Yazılmış
bir hayat çizelgesi olduğuna inanırım. İnsan başına neler geleceğini bilemiyor.
Patlayan savaş Suriye’lileri evlerinden yurtlarından etti. Bu insanların işleri,
programları, hayalleri ve yaşam standartları vardı. Kendi yaşam tarzları
vardı. Ölüm yağdıran bombalar atılmaya başlayınca her
şeylerini bırakarak ülkelerini terk ettiler. Büyük bir kısmı Türkiye’ye sığınan
bu insanlar daha önceden bu durumlara düşeceklerini nereden bilebilirlerdi?
Bir yerde
onların yaşadıklarıyla kendi yaşamım arasında benzerlikler buluyorum... Elbette
kıyaslamıyorum fakat düşününce benim de yaşadığım bir tür savaş. Vücudum kendi
kendini bombalıyor.
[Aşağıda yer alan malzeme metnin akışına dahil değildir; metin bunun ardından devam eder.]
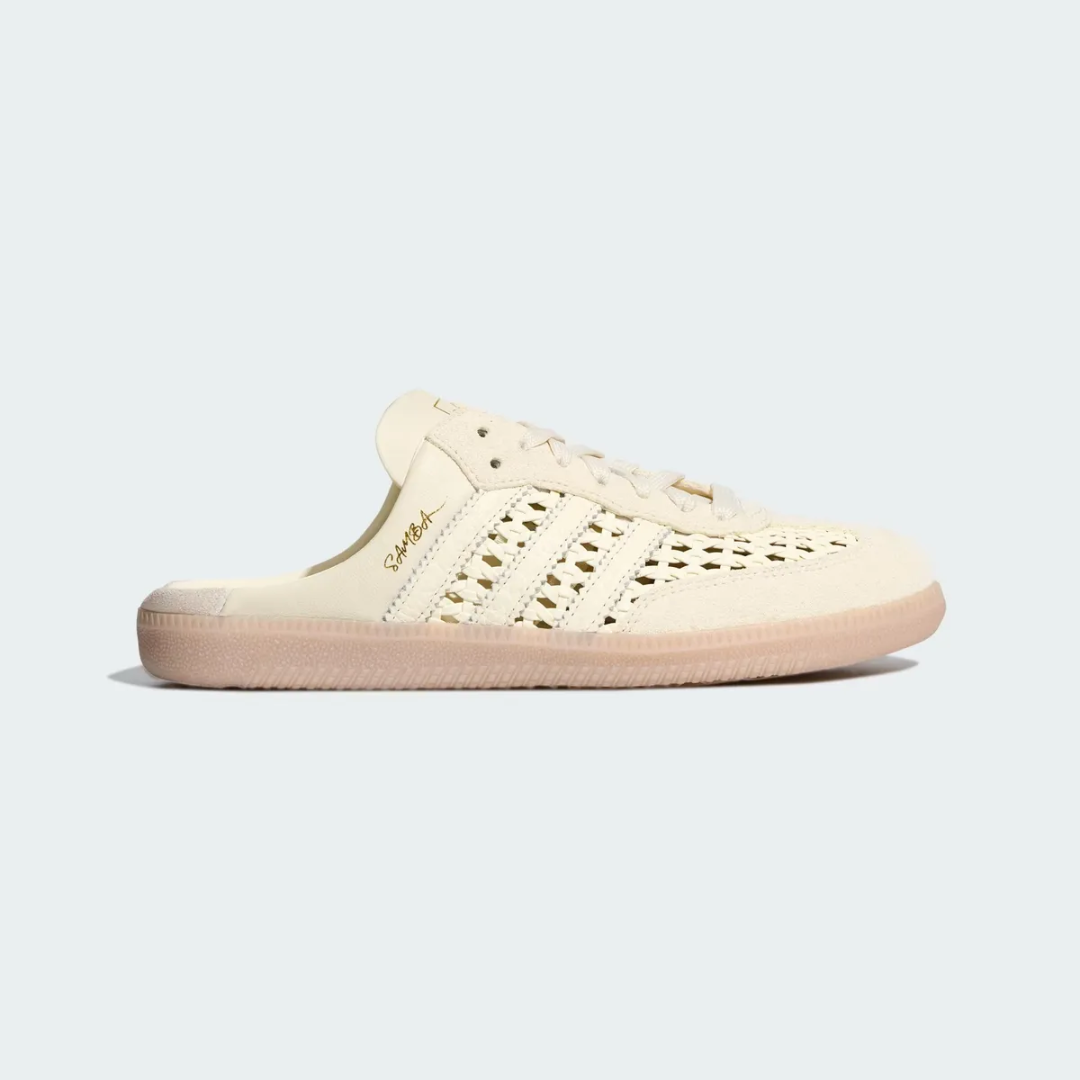 Samba Mule Woven Crew White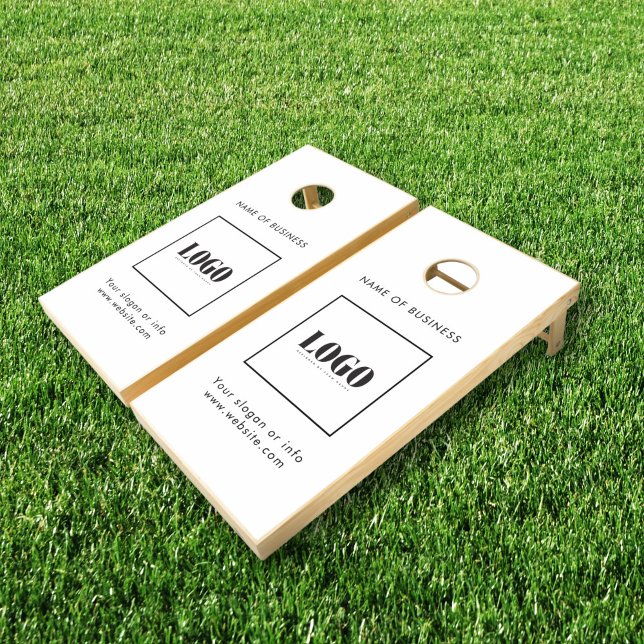 Custom Business Logo Black and White Branded  Cornhole Set (Creator Uploaded)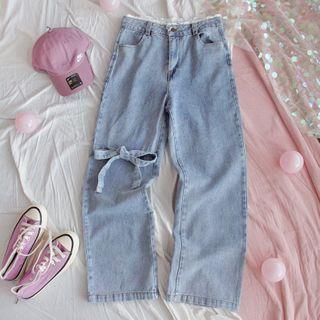 Lace Trim Bow Straight-cut Jeans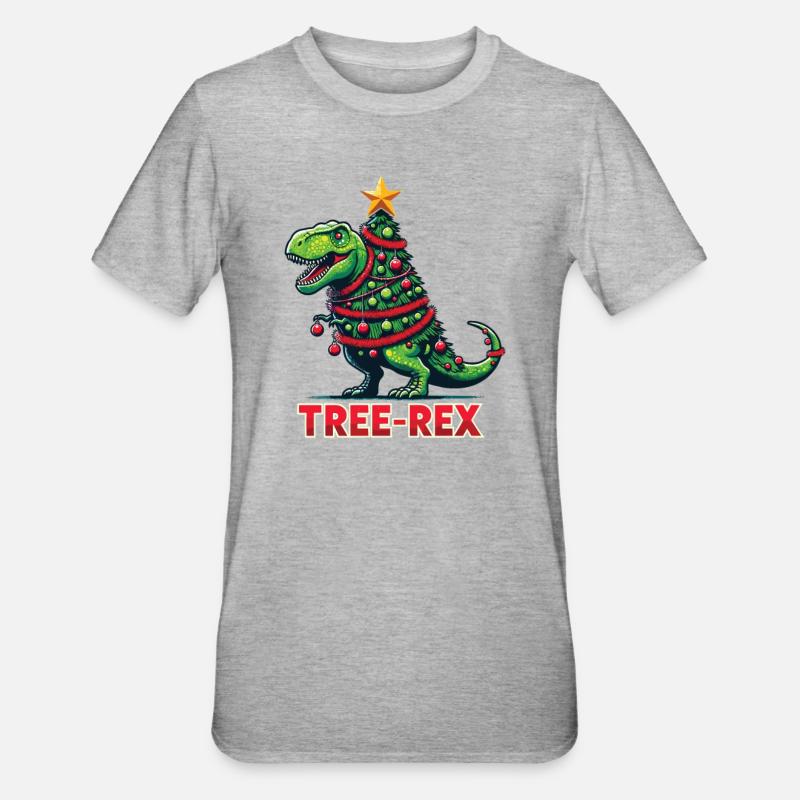 Tree-Rex Funny Dinosaur Pun T-Rex - Unisex Polycotton T-Shirt - heather grey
Tıpkı savaş anında olduğu gibi benim de haklarım gün gün elimden alınıyor. Sağlıklı
iken kolayca yapabildiğim bir sürü şeyi geri alamayacağım şekilde
kaybettim. Ayrıca elimde kalanları
korumak adına da sürekli çaba göstermek zorundayım. Çaba gösterebilmek için bir
gayem olmalı. Her zaman söylerim
insanlar bir şeyler yaptıkları oranda var olurlar. Suriye’liler korkunç savaş
ortamından çıkıp geldikleri yerde yerini bulamamış durumda. Geride bıraktıkları
yaşantıları zaman biteceği belli olmayan bir savaşın gölgesindeyken, yeni bir
yaşam kurabilecekleri düşüncesine çoğu imkan veremiyor ve farkına varamıyorlar
diye tahmin ediyorum. Yine burada kendimle bir benzerlik buluyorum. İlk tanıyı
aldığımda herşeyin bittiğini ve hayatın buradan sonra sadece yokuş aşağı
gidebileceğini düşünmüştüm. Öyle olmadı. Yönlendirmelerle neler yapabileceğim
hakkında fikir sahibi oldum. Deneye yanıla kendime yeni gayelerle bir düzen
kurdum. Eski düzenim mi? Hayır, değil. Eski düzenimi geri ister miyim?
Kazandıklarımı tutabiliyor olsam isterim. Fakat işler böyle yürümüyor. Yeni
başlangıçlar her yaşta yapılabiliyor.
Ataların dedikleri bu devirde de geçerli ise “Bülbülü altın kafese koymuşlar -Aah Vatanım!” demiş.